**Work task:**
Would you output all the lines below precisely as they stand, leaving each picture out?

**Data shown:**
__________
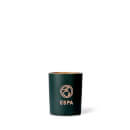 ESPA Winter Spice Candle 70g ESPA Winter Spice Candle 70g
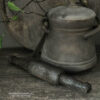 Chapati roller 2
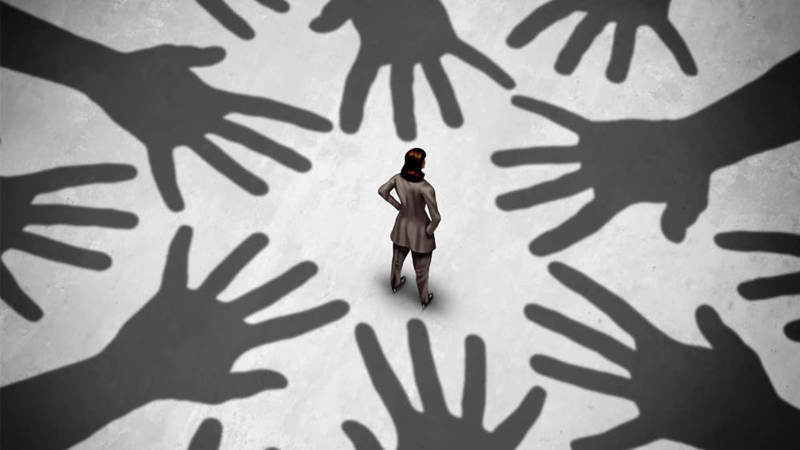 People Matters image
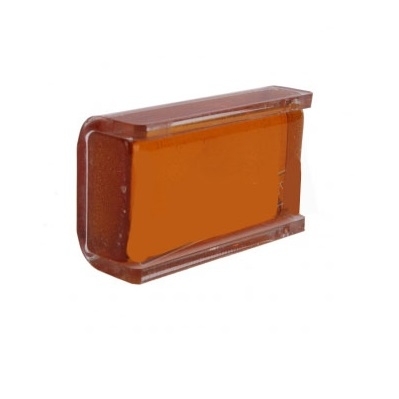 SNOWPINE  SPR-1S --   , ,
__________
**Your response:**
 ESPA Winter Spice Candle 70g ESPA Winter Spice Candle 70g
 Chapati roller 2
 People Matters image
 SNOWPINE  SPR-1S --   , ,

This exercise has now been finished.